- Abbreviation: IUP
- Founded: 7 July 1933
- Dissolved: 1950
- Split from: SLP
- Succeeded by: LSR
- Headquarters: 1032 Prospect Avenue, Bronx
- Newspaper: Industrial Unionist
- Ideology: De Leonism
- Political position: Left-wing

= Industrial Union Party =

The Industrial Union Party (IUP) was a US DeLeonist political party. The party proclaimed itself on 7 July 1933 at 1032 Prospect Avenue, Bronx, Branch headquarters of its predecessor Industrial Union League (IUL). The new IUP immediately announced candidates in the New York City elections: Adolph Silver for Mayor, Irving Oring for Comptroller, and Sam Brandon for President of Alderman.

The party's publication, the Industrial Unionist, was published first in May 1932 with its final issue in 1950. Most of the IUP would later reconstitute itself as the League for Socialist Reconstruction.

Noting the roots of IUP in the Socialist Labor Party (SLP), IUP's split from the SLP reflected the impact of the Great Depression and the inability of the SLP to adjust to new events.

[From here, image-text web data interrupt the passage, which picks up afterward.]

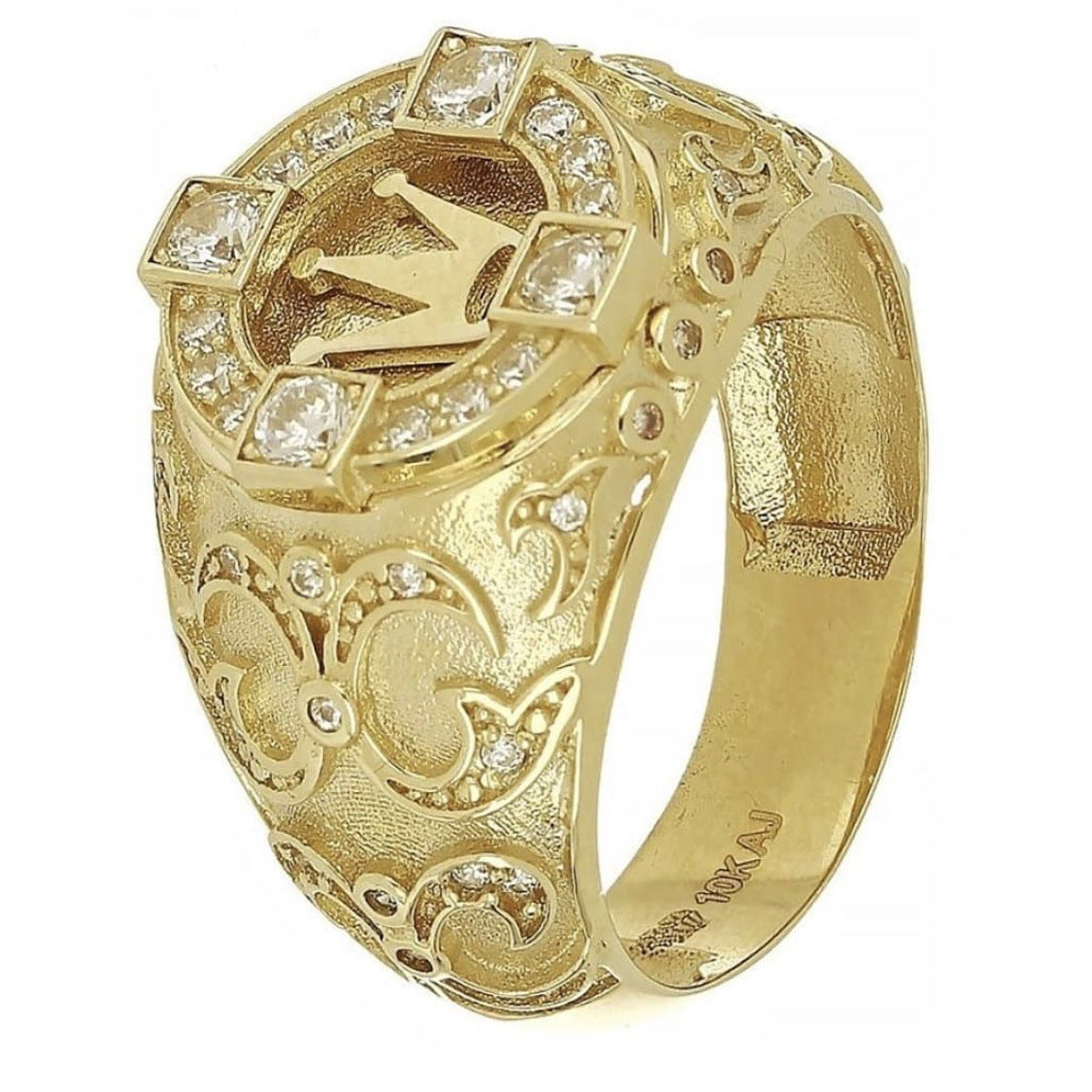 Gold-plated Crown Vintage Engraving Full Diamond Rings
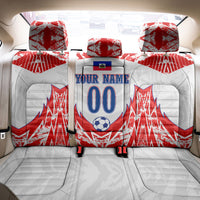 Custom Haiti Football Champions Back Car Seat Cover Haitian Soccer Fan - Tanbou Drums Tropical Flowers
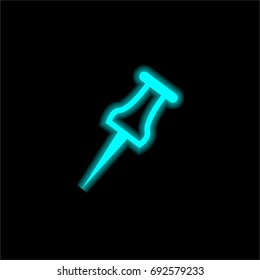 Pushpin blue glowing neon ui ux icon. Glowing sign logo vector
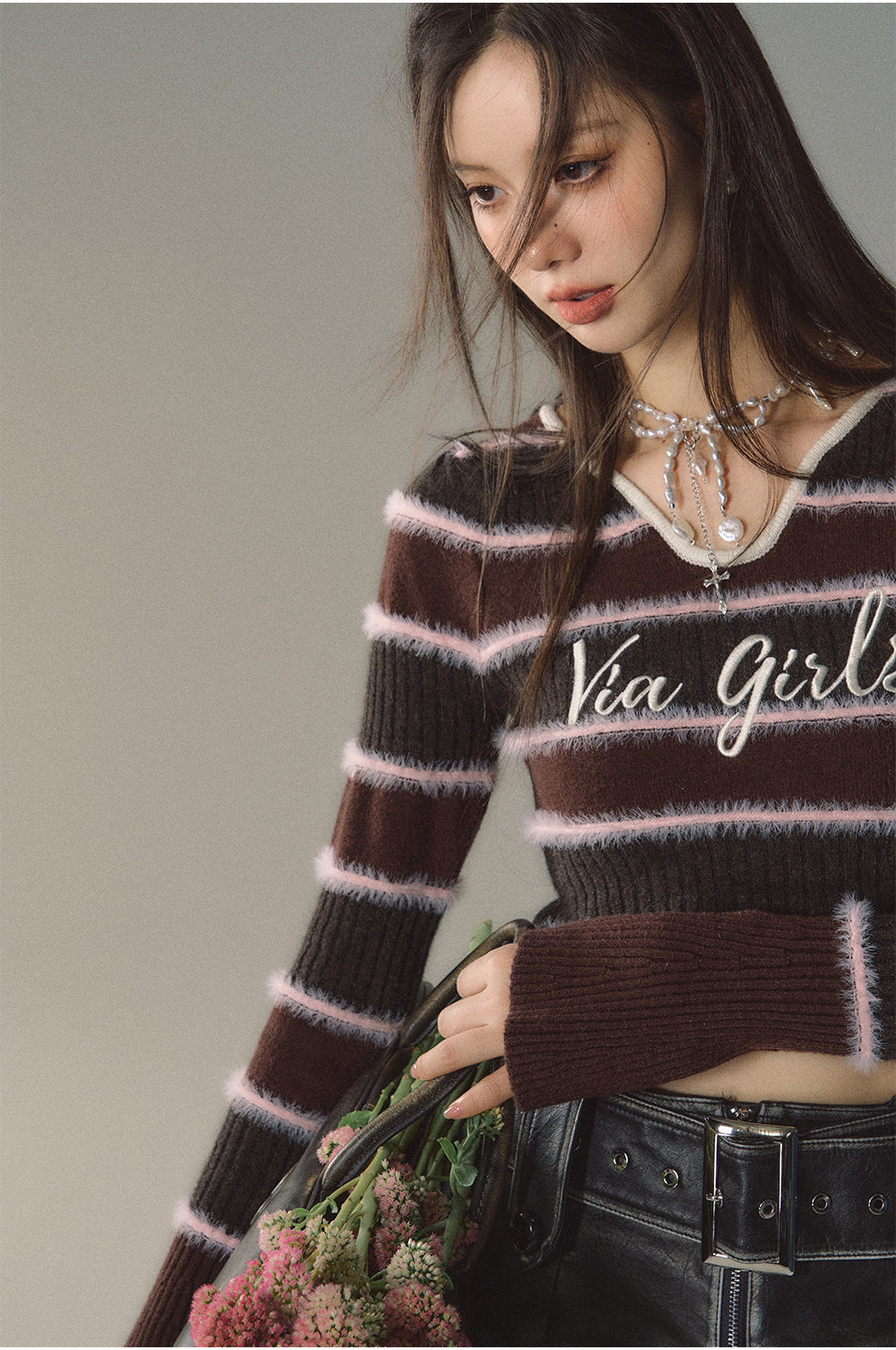 V-neck Striped Knitted Sweater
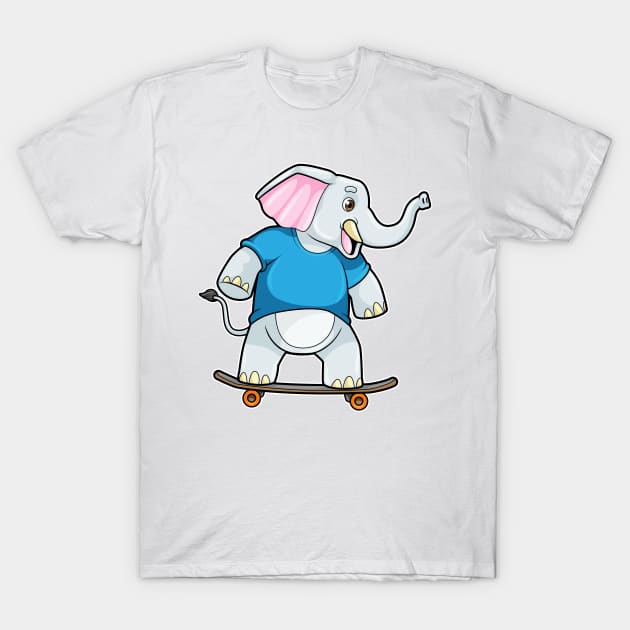 Elephant as Skater with Skateboard T-Shirt by Markus Schnabel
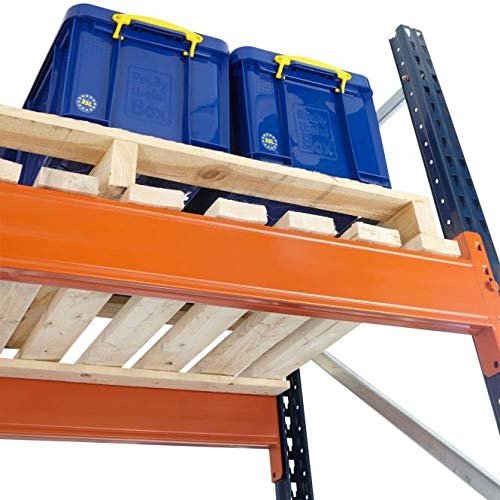 BiGDUG Pallet Racking Open Timber Decking 300kg Capacity per Level Warehouse Factory (2225w x 1100d mm)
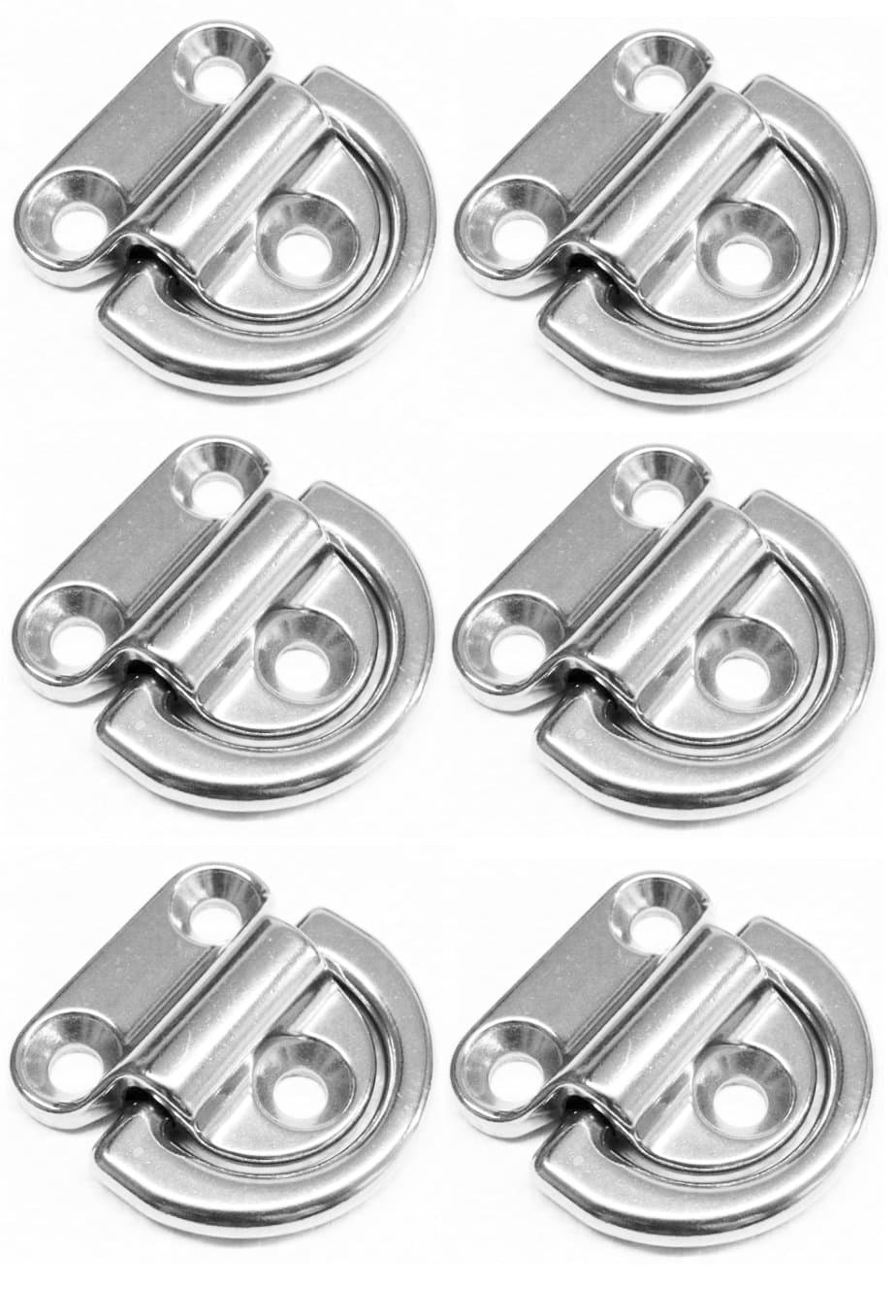 Six Marine Grade Stainless Steel Folding Pad Eye 1/4"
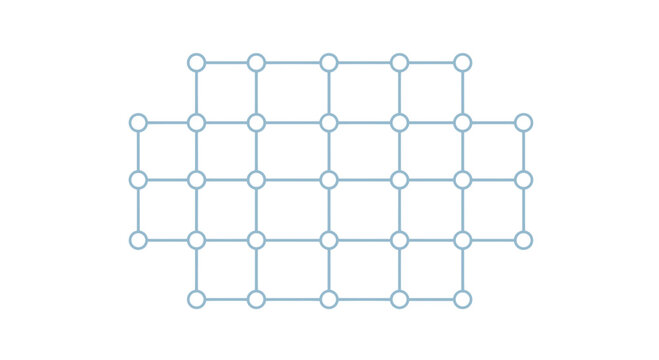 Geometric pattern, molecular structure, grid design, blue connections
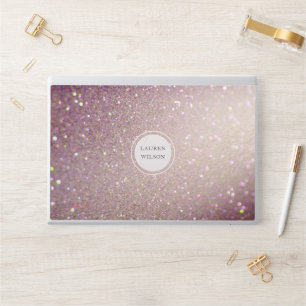 bokeh iridescent gold monogram HP laptop skin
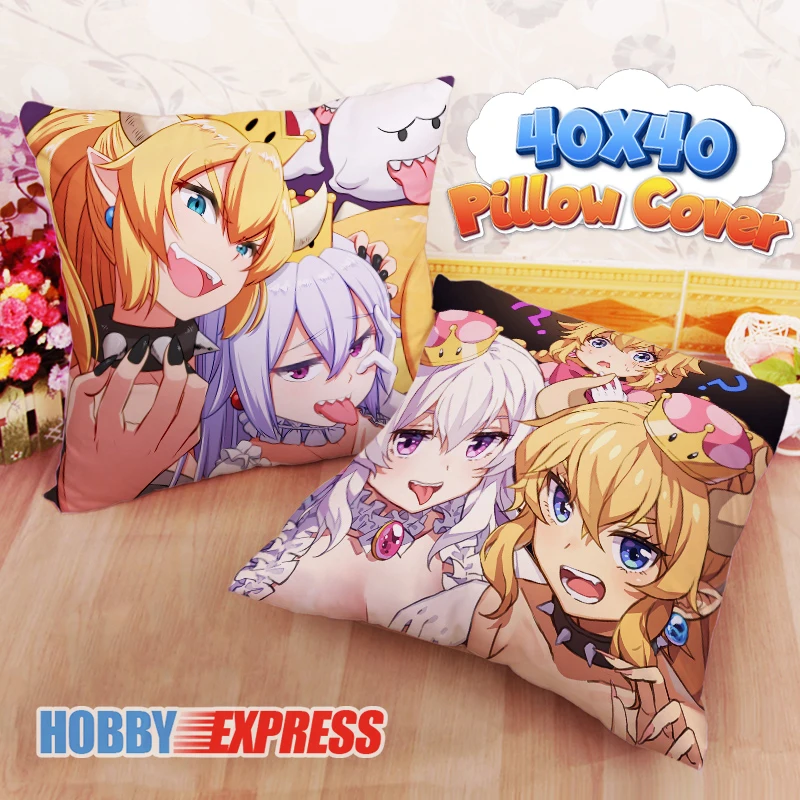 Hobby Express NEW Bowsette and Booette 40x40cm Square Anime Dakimakura Throw Pillow Cover FBZ707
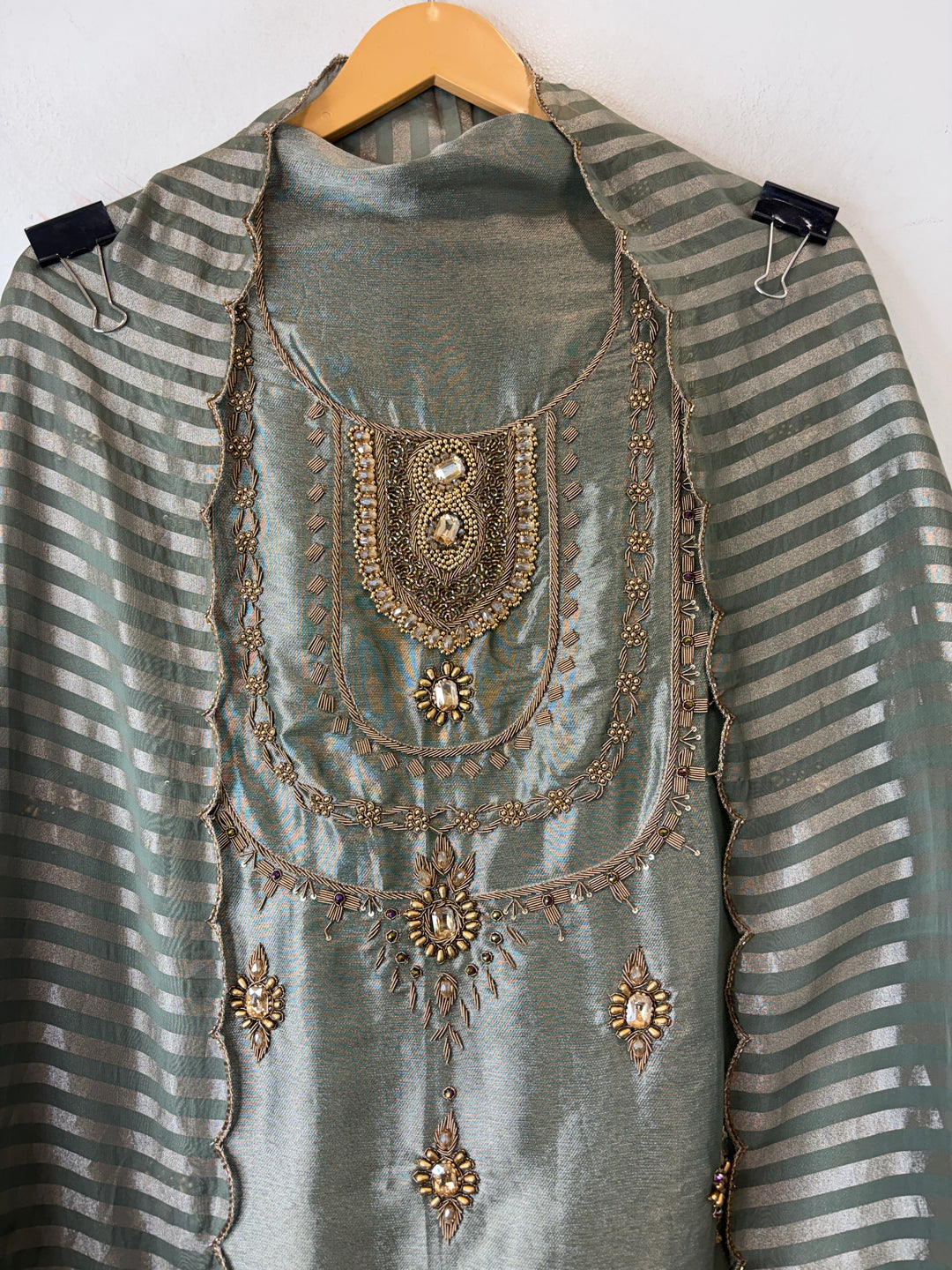 Meher – Mint Green Giraffe Tissue Dabka Kundan Suit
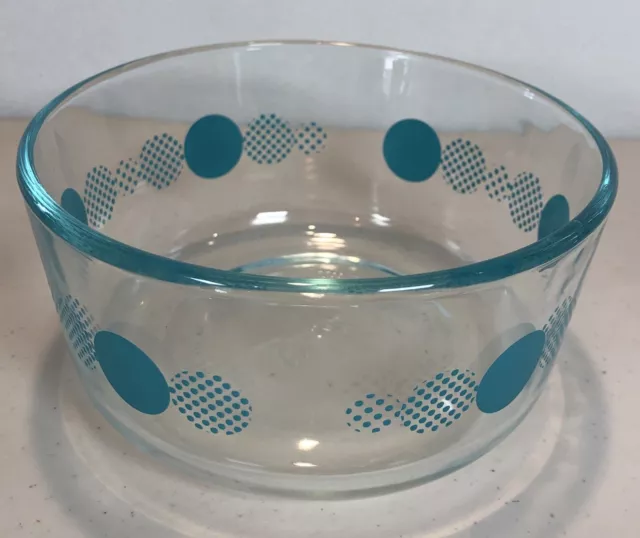 Pyrex Atomic Dots Clear And Turquoise Glass Mixing Bowl 7201-21, 5 7/8” X 3”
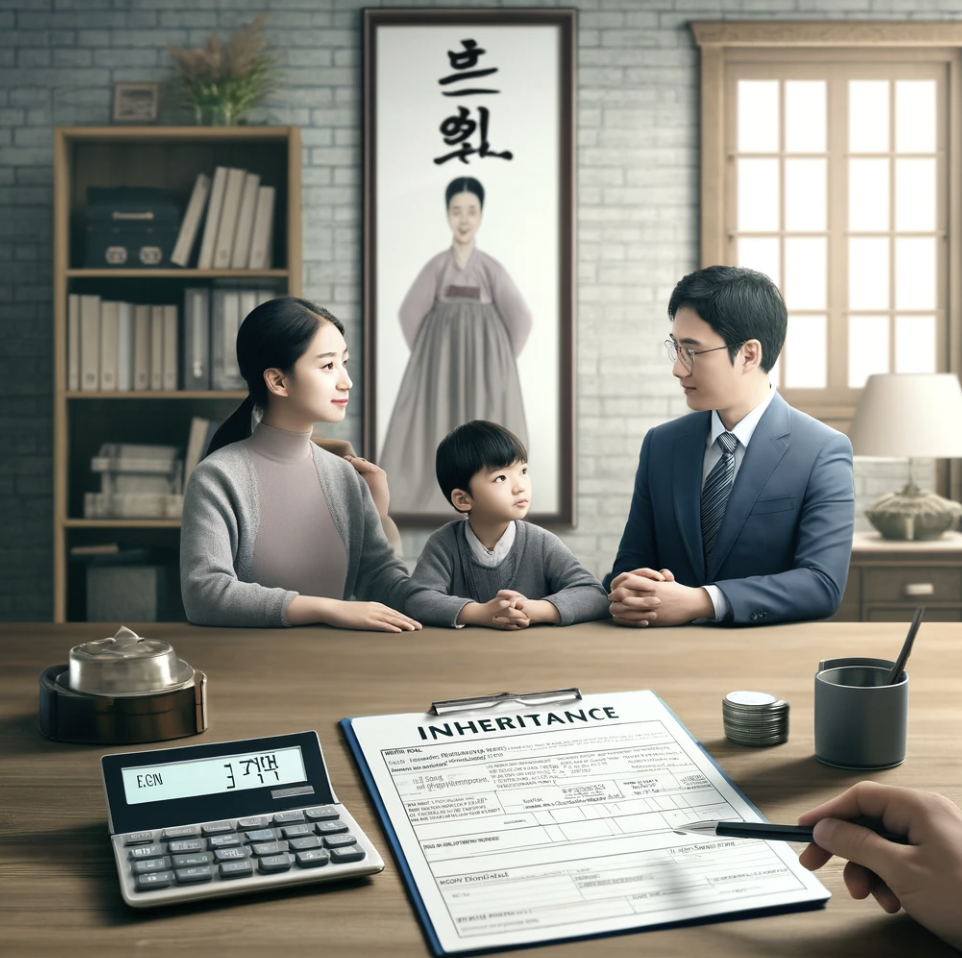 가족이 세무 전문가와 상속세 절차를 논의하는 모습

Yet the immediate roots of the Industrial Union League were in the SLP's mass expulsion of Section Bronx during the 1920s. (Industrial Unionist did not appear until 1932, but its first issue included Louis Lazarowitz' review of Walter H. Senior's The Bankruptcy of Reform, published by the Industrial Union League itself).

In November 1933 a furniture union in Jamestown, New York, the United Workers of America, was founded on industrial unionist principles compatible with the views of the IUP. The union affiliated with the Bronx-based party in December of that year, and soon formed a "mixed trades" local in Erie, Pennsylvania.